#### AIM OF THE TASK:
Every line from the one with "Dante Moore RETURNING TO OREGON???" through the end of the entries below must be retyped exactly, and only those lines. The pictures are not part of the copy.

+===+

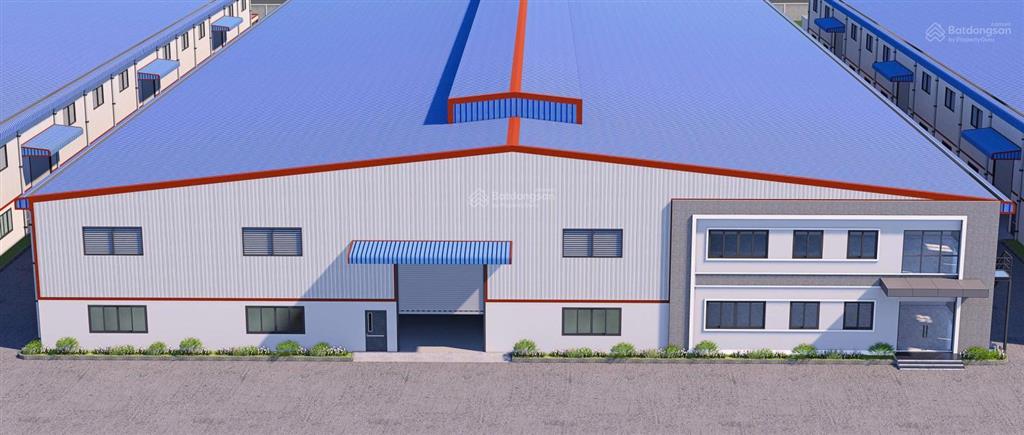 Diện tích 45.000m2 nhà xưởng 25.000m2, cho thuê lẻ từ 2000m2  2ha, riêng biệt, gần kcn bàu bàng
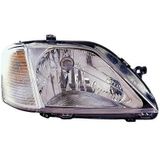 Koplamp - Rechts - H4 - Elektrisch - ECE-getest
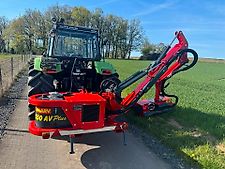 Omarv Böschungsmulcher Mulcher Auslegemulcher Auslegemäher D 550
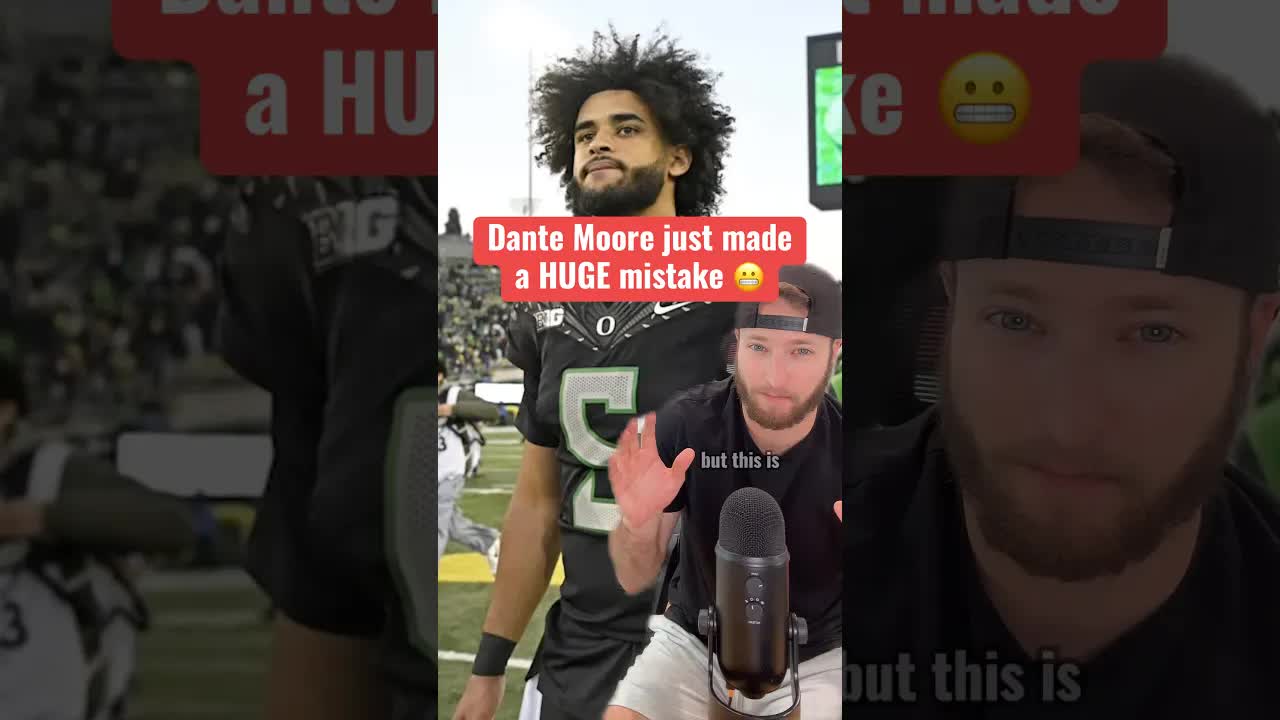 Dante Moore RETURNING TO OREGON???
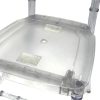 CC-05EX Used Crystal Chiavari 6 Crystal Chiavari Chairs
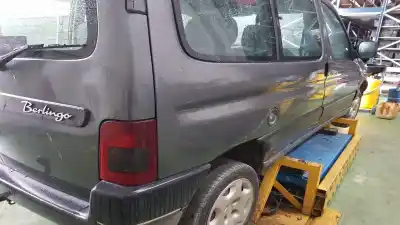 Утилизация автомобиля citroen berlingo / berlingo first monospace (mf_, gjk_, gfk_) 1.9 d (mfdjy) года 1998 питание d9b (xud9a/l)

+===+

#### SOLUTION TO THIS TASK:
 Dante Moore RETURNING TO OREGON???
 CC-05EX Used Crystal Chiavari 6 Crystal Chiavari Chairs
 Утилизация автомобиля citroen berlingo / berlingo first monospace (mf_, gjk_, gfk_) 1.9 d (mfdjy) года 1998 питание d9b (xud9a/l)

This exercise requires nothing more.